More than 90 days have passed since the Tucson City Council voted to begin a 60-90 day public comment period to gather information and ideas related to the proposed re-development of the Ronstadt Transit Center. During that time, the Tucson Bus Riders Union held a public forum at the Rialto, compiled and organized hundreds written comments collected at the forum, met with City Councilwoman Karin Uhlich, and participated in collecting 2800 surveys from bus riders.
What has Corky Poster done? Poster is the architect and planner who was City Council hired to gather the public input. Rumor has it that Poster has held eight “stakeholder” meetings in recent weeks. With the information gathered at those meetings, he has compiled a report outlining consensus goals and objectives and said report was to be delivered to the City Manager’s office last week before Poster left town on vacation. More photos and details on the secret public process and who the real stakeholders are after the jump.
According to activist Suzanne Schafer, Poster has met with the Bus Riders Union (at the big April 2 meeting at the Rialto); the Downtown Neighborhoods and Residents Council; the Tucson-Pima Historical Commission; “real estate advisers” (not much detail who that was); the Mayor and Council’s transit task force; “the immediate neighbors,” meaning adjacent property owners (like developers Madden and Stiteler); Parkwise; and the Downtown Tucson Partnership board of directors.
What you didn’t get an invitation to a stakeholder meeting, and you didn’t see any meeting announcements in the mainstream news? Neither did I. Except for the April 2 public forum and what you have read on this blog, there has been a news blackout on this “public” process. Neither the Sun Tran bus riders survey results nor the public forum comments were ever released to the public– except for on this blog– and Poster’s stakeholder meetings were not publicized.
At the forum that was public, there was a clear consensus from the speeches and the comment cards that the public wants the Ronstadt Transit Center to remain intact, to remain on Congress Street downtown, and to be improved as a community gathering space. What was the big issue for bus riders? Better bathrooms, lighting, electrical outlets, shade, and people in the kiosks who can answer questions and sell passes– pretty simple stuff. No one said they wanted to have a maxi-dorm built on top of the Ronstadt, no one said the Ronstadt’s Congress Street frontage should be developed as another bar/restaurant, and no one said the buses should move out of downtown.

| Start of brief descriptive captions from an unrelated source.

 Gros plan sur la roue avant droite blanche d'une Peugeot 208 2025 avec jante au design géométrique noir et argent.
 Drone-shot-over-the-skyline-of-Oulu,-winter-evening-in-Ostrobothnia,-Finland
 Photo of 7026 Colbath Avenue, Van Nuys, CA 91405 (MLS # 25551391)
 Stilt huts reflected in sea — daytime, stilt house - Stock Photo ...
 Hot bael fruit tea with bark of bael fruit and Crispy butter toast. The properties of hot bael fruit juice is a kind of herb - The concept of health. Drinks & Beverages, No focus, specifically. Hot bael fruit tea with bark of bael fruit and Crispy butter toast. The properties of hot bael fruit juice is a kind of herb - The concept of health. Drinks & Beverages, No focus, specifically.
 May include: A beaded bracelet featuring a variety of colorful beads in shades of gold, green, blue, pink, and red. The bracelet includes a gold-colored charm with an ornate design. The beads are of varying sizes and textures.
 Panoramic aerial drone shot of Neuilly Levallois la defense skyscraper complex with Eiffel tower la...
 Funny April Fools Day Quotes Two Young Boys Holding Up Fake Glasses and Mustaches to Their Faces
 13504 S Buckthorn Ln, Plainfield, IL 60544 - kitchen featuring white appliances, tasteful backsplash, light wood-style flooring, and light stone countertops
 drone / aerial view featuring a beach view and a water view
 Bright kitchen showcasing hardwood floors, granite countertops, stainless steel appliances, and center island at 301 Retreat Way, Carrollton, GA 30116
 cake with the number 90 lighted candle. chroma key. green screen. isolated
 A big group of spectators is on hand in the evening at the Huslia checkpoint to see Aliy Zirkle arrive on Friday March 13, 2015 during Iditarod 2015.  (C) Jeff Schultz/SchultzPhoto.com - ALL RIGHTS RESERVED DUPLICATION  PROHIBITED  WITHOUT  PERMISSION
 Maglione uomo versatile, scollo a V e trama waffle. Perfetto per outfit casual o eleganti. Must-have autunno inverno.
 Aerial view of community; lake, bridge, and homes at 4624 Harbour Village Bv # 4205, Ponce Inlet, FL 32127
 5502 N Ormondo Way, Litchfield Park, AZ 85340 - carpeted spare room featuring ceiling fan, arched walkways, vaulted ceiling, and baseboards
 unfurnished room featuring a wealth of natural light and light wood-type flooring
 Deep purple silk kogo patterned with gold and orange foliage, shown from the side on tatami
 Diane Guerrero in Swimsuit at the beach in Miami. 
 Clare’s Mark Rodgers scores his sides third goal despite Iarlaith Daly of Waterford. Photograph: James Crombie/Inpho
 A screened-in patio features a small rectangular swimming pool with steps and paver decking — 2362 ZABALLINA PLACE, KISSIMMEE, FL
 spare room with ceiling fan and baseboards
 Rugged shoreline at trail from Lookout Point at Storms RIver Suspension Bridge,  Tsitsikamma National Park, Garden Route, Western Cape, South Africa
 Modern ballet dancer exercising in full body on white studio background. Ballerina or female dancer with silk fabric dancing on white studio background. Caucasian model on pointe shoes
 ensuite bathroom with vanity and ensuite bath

The people said they wanted a community space with picnic tables and maybe a little play ground for their kids– a place where they could relax and chat while they wait for the bus. As you can see in the picture here, there is plenty of room for this.
Recent “improvements” to the Ronstadt runs counter to the community gathering space that the people said they want.
According to the city, nearly $3 million in federal funds have been spent on directional signage, lighting, “decorative fencing”, surveillance equipment, and paver replacement.
What we got was a giant no trespassing sign at the entrance, barricade style fencing to control the populace and prohibit seating, and replacement of the decorative brick with dirt-colored rocks. They spent taxpayer money to make the Ronstadt less inviting. When and how were these improvements decided upon?
The lack of transparency in the public process and in the recent improvements is concerning. The citizens of Tucson are being kept in the dark. We need sunshine on this “public” process.
Ironically, this struggle between the community and developers over the Ronstadt Transit Center is playing out at the same time as West Side residents battle with the city and developers over the fate of El Rio golf course. Will the City Council side with citizens who want open space and community gathering places — downtown and on the West Side– or will they side with business interests? Only time will tell.
There are plenty of dirt lots and run-down buildings aroudn town that could be developed. Why do they need to take our public spaces?
Dancers perform at the Ronstadt Transit Center in 2009.
Unwelcoming sign greets people entering the Ronstadt Transit Center. After $3 million in improvements to the transit center, the clock still doesn’t work. (When you’re a bus rider, it’s really important to know the time.)
Decorative brick at the Ronstadt– where dancers once performed– has been replaced with rocks. New barricade fencing prohibits people from sitting on the short walls in the shade.